WFII Investment Strategy Analyst Austin Pickle in a note dated Monday charted the S&P 500’s (SP500)(SPY) return and days between the first Fed rate cut in a cycle to the subsequent index low. He found that since 1974, the index’s average drawdown has been about 20% over 250 days following the first Fed rate cut.
“In other words, investors should not equate the first cut as an all-clear stock market signal,” he said. Here’s the chart:
Traders in the fed funds futures market were pricing in September to mark the start of rate cuts, according to the CME FedWatch tool. The Fed’s updated dot-plot released last week indicated policymakers expect to cut the fed funds rate of 5.25%-5.5% by 25 basis points only once in 2024.
Investor focus should be on the rationale for a rate cut, Pickle said. “If the Fed tweaks policy to adjust real rates for falling inflation, we believe stocks will likely perform well over the tactical time frame,” of six to 18 months, he said. “On the other hand, if the Fed is forced to cut aggressively in response to a macro or market disruption, we would expect stock performance to suffer.”
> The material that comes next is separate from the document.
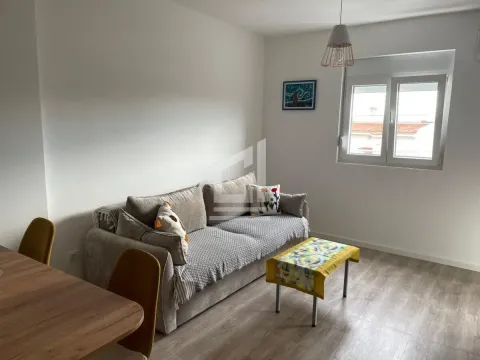 Living room with a sofa, coffee table, and dining table. - image 4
The S&P 500’s (SP500) returns during the past five rate pauses have “maxed out” near 20%, he said. The S&P 500 has gained about 14% in 2024, and headwinds including inflation’s uncertain path are likely to weigh on returns in the near-term, he said. WFII's 2024 year-end target is 5,100-5,300, lower than the S&P 500’s (SPY) level of around 5,458 on Monday.
WFII's 2025 year-end S&P 500 (SP500) target is 5,600-5,800 as it sees inflation contained and solid economic growth after a near-term slowdown supporting earnings growth and a renewed equity rally, Pickle said.